Developing nations rejected Denmark's effort to select small negotiating groups to storm through the labored draft texts, saying the process had to be fully inclusive.
Developed and developing nations are at odds over who should cut emissions, how deep the cuts should be, and how much funding should be provided to poor countries to help them shift to greener growth and adapt to a warmer world.
SOME PROGRESS?
While the overall picture is bleak, there has been some progress in areas critical to reaching a deal.
Africa dramatically scaled back its expectations for climate aid from rich nations, and Japan pledged about $11 billion in public funds to 2012 to help poor countries adapt to a warmer world and cut their emissions.
Talks on a U.N.-backed system to pay poorer nations to curb deforestation have advanced, and the United States pledged $1 billion in short-term funds to conserve tropical forests.
A major sticking point between the world's top emitters, the United States and China, has been the question of how they will prove they are sticking to emission-curbing plans.
China signaled it might have found a way to end the stand-off, dropping previous hardline language and suggesting "national communications" on emissions that the Kyoto Protocol already requires of developing nations could be a key.
"The convention has a very clear stipulation as to the operation of a national communication system," Su Wei said.
"It will not be difficult for us to find a solution to this problem (verification), as long as we adhere to the principles of the convention, it is not a crucial problem," he said.
Su added China was in regular contact with the U.S. delegations, and had held several high level bilateral meetings.
(Writing by Emma Graham-Harrison, editing by Gerard Wynn)
UN climate negotiators look to US for fresh ideas
Arthur Max, Associated Press Yahoo News 17 Dec 09;
COPENHAGEN – U.N. climate negotiators looked Wednesday to the United States to bring fresh ideas — perhaps in the form of extra billions of dollars — to try to salvage a bare-bones political agreement by the end of the week on controlling global warming.
The U.S. must find ways of meeting demands by a suspicious world on reducing greenhouse gas emissions without exceeding what Congress will allow.
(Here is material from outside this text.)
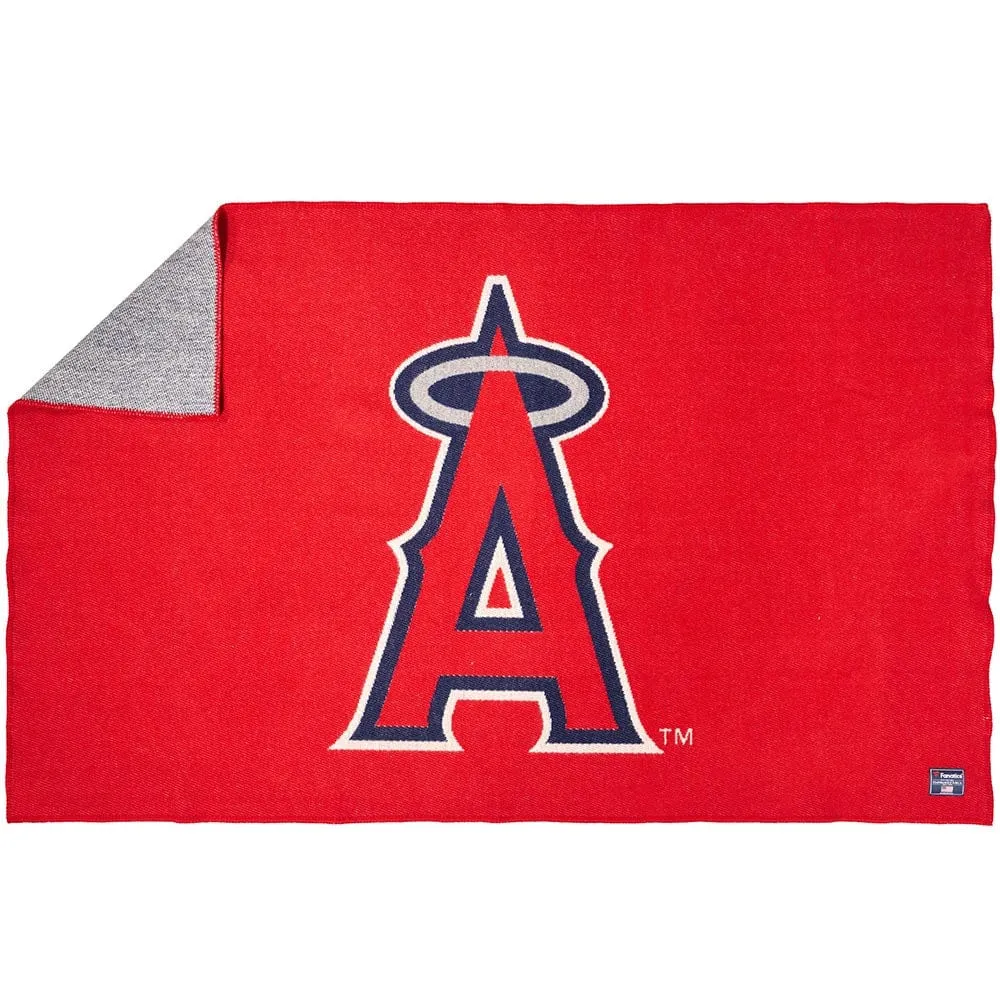 Los Angeles Angels Wool Throw Blanket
It must also find the cash in a tight budget.
"The United States is back and President Barack Obama is coming to Copenhagen to put America on the right side of history," said Sen. John Kerry, chairman of the Senate Foreign Relations Committee.
Secretary of State Hillary Rodham Clinton was on her way to Copenhagen as negotiations over a draft agreement effectively came to a halt after an all-night session that broke up at dawn Wednesday with a confused text leaving most issues to be decided by ministers or heads of government. Obama is scheduled to arrive Friday.
Left unresolved are the questions of emissions targets for industrial countries, billions of dollars a year in funding for poor countries to contend with climate change, and verifying the actions of emerging powers like China and India to ensure that promises to reduce emissions are kept.
Denmark, presiding at the conference, said it has drawn up a text that it would present when ministers resume talks, but delegates were undecided on the format to hold the negotiations, whether in a full plenary or in small groups.
Formal discussions were suspended before resuming at 10 p.m. local time, met briefly, then adjourned for the night.
"I still believe it's possible to reach a real success," said the U.N.'s top climate official, Yvo de Boer. "The next 24 hours are absolutely crucial and need to be used productively."
British Climate Change Secretary Ed Miliband told the BBC that the climate change talks were "certainly on a knife edge and in real grave danger. ... It now needs leaders, unfortunately, to come in and move this process forward."
The U.S. delegation objected to a proposed text it felt might bind Washington prematurely to reducing greenhouse gas emissions before Congress acts on the required legislation. U.S. envoys insisted, for example, on replacing the word "shall" with the conditional "should" throughout the text.
Veterans of these conferences said such stalls were not unusual. "I know that often negotiations reach the halfway point about an hour before an agreement," said Jennifer Haverkamp, a former trade negotiator and a climate analyst for the Environmental Defense Fund.
In one sign of progress, six countries pledged a total of $3.5 billion over three years — $1 billion from the U.S. — to protect the world's forests. It will be channeled to developing countries that produce plans to slow and eventually reverse deforestation.
But that was just a fraction of a U.N.-proposed three-year package of at least $30 billion for poor countries to prepare defenses against rising seas, drought and other severe effects of global warming, including economic and physical security.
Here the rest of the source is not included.